How to build Prisma Windows electron app on Linux? - npm

What we want to achieve is to build linux and windows installers for our Electron app on our (Linux) build server.
After installing Wine, this basically works, except for Prisma:
i.e. Prisma relies on OS-specific binaries - thus, we must have the correct binaries available for each platform.
Prisma Query engine / Prisma Client
This part works: we set the binaryTarget to our target platforms: binaryTargets = ["windows", "debian-openssl-1.1.x"].

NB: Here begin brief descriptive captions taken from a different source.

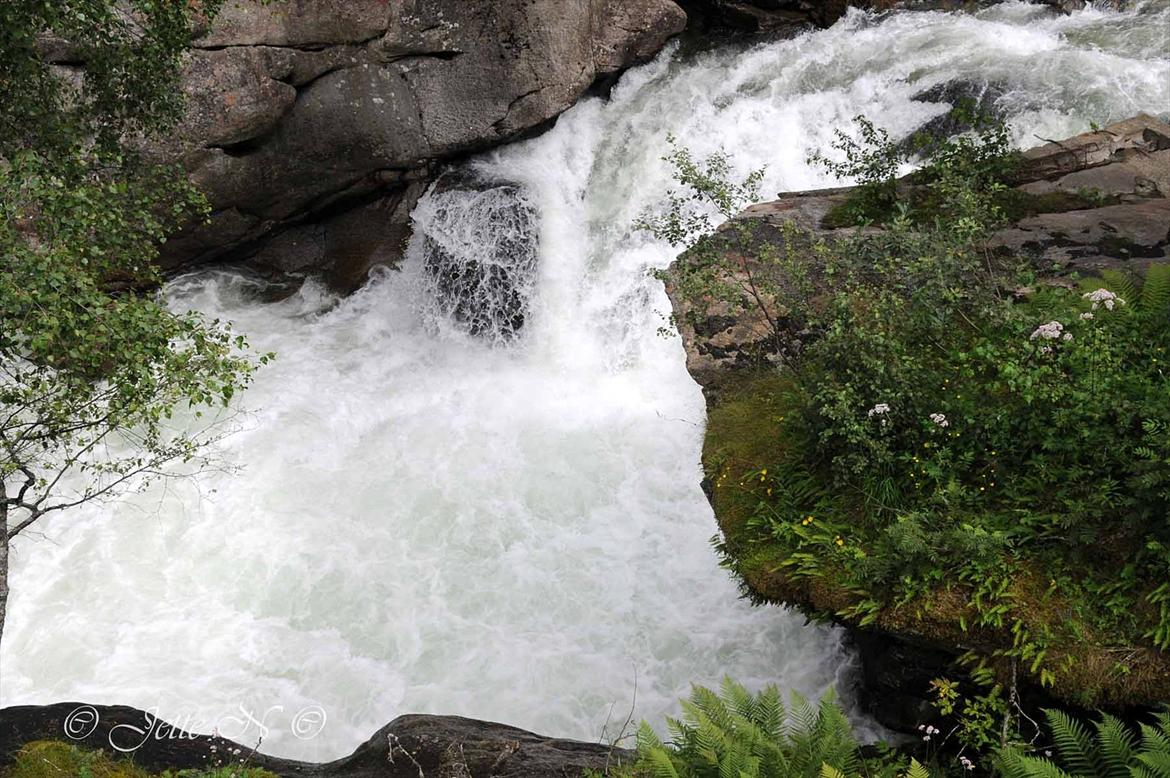 Billeder fra Norge 2011 - Fos nær Galdane i Lærdalen (Nikon D300s med 17-55 mm f/2,8 objektiv) billede 83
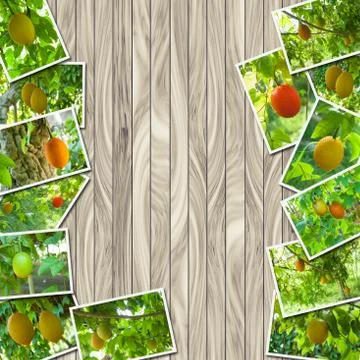 Stack Photos of Gac fruit Stock-Fotos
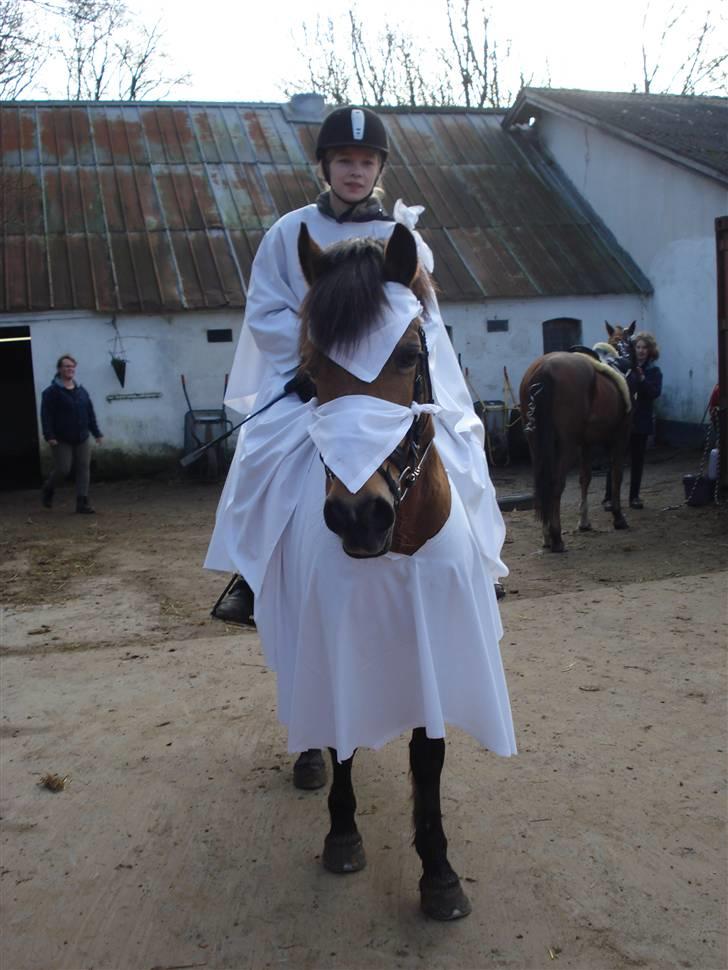 Welsh Pony af Cob-type (sec C) Camilla (éjer ikk mere) - Her er vi så, klar til at slå katten af tønden :) foto: mor<3 billede 13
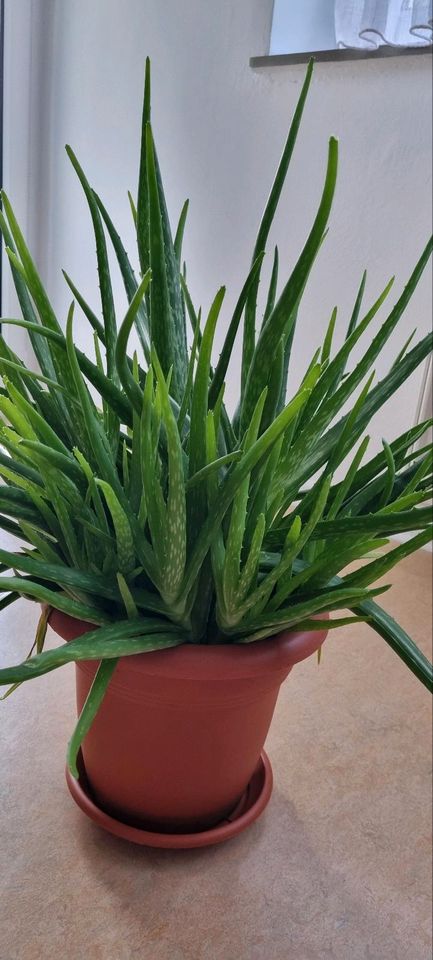 Aloe vera Topfpflanzen Blumentopf groß in Lohfelden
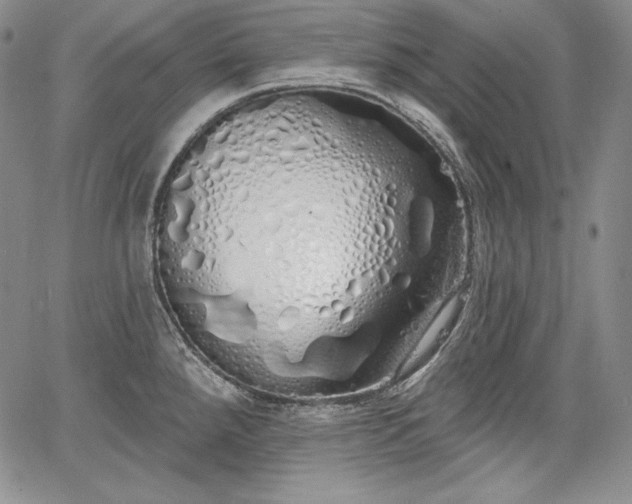 X0000067941288200604201356
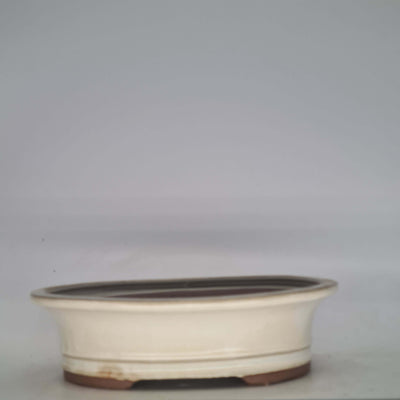 26cm Glazed Bonsai Pot | Oval | 26cm x 22cm x 7cm | White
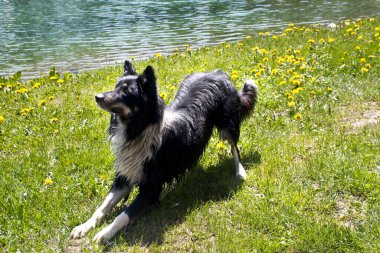 Parktaki sevimli Avustralyalı köpeğin yakın plan çekimi.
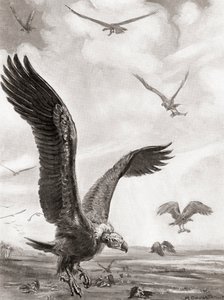Buitres llevándose los miembros de los muertos en batalla, de la Historia de las Naciones de Hutchinson, pub.1915 de Margaret (after) Dovaston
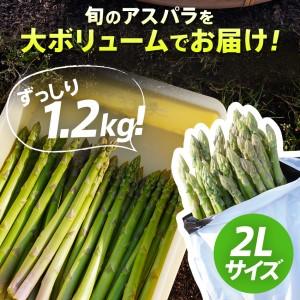 ふるさと納税 朝採り直送　春芽グリーンアスパラガス（2L）１.2kg　BT02 福岡県大木町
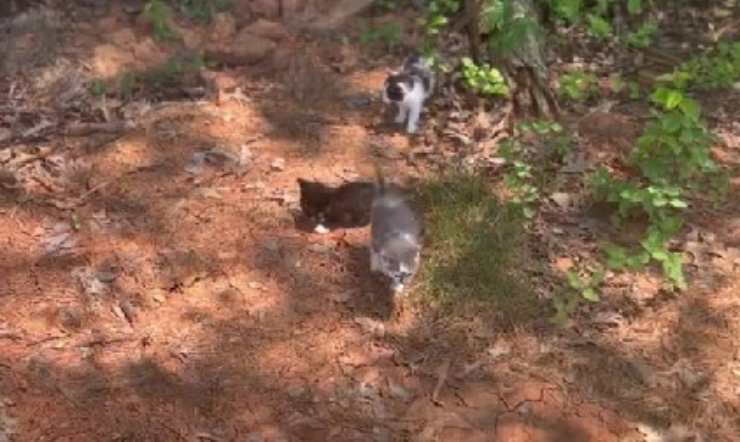 sistema di distribuzione dei gatti
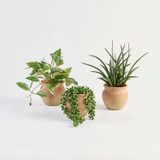 Dallas Artificial Hoya Potted Succulent [MUSHDALSS26A]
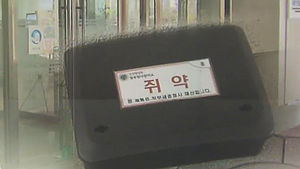 쥐 들끓는 세종청사&hellip;끈끈이로 '쥐잡기 전쟁'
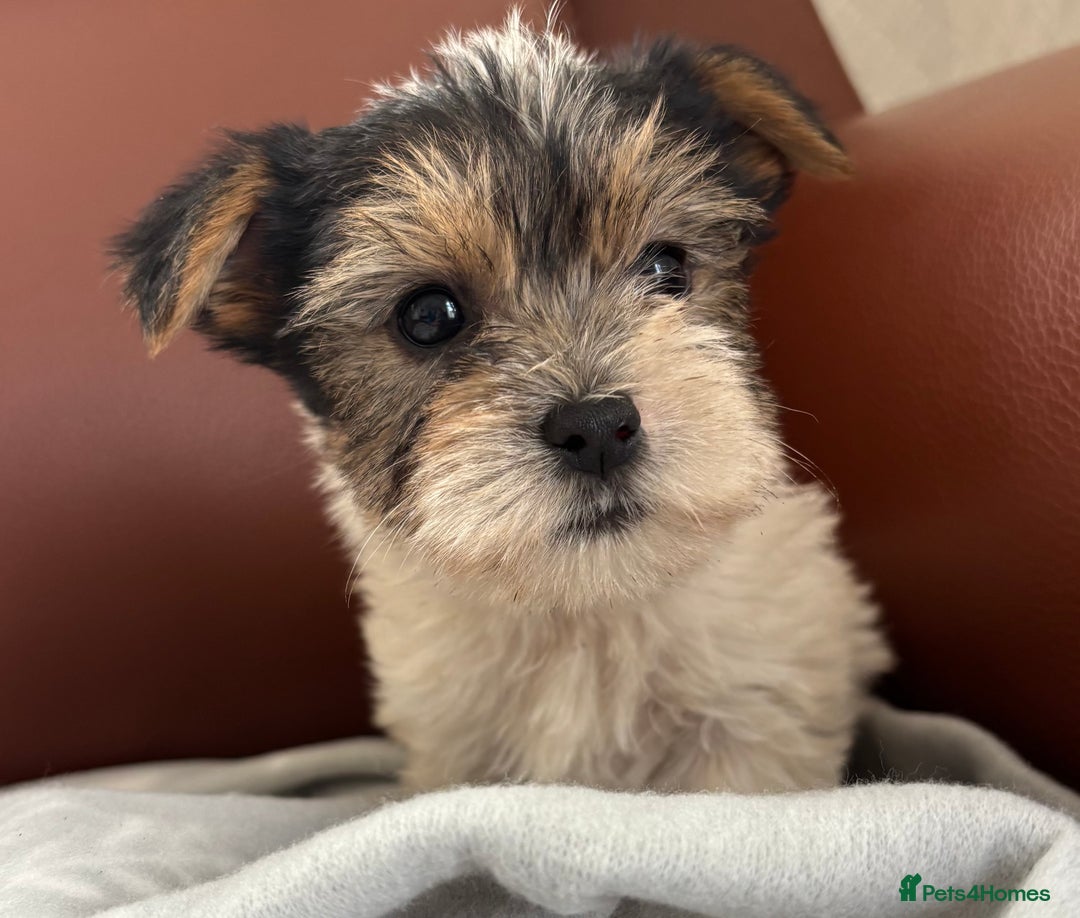 Mixed Breed dogs for sale: Yorkshire terrier/Jack Russell - Image 20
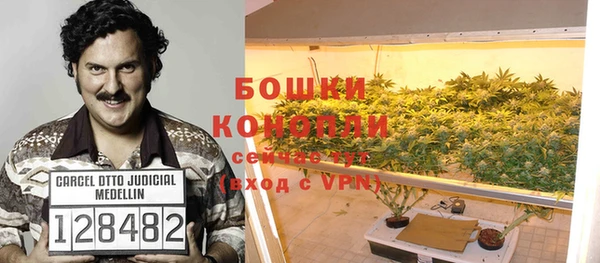 мескалин Алексин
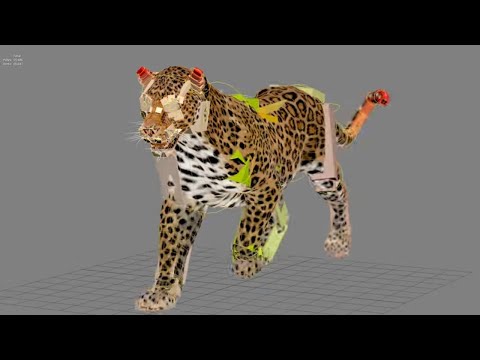 CG Breakdowns: Leopard 3D Model with Animation | PROmax3D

When we now generate the client (prisma generate), the target dir (node_modules/.prisma/client/) contains the query-engines for linux and windows: libquery_engine-debian-openssl-1.1.x.so.node, query_engine-windows.dll.node
Prisma Migration Engine
i.e. in package.json we only specify the prisma dependency and npm will only install the binaries for the current OS in node_modules/#prisma/engines/, i.e.: libquery_engine-debian-openssl-1.1.x.so.node, migration-engine-debian-openssl-1.1.x
How can we get npm to install both migration Engines (i.e. for Windows and Linux)?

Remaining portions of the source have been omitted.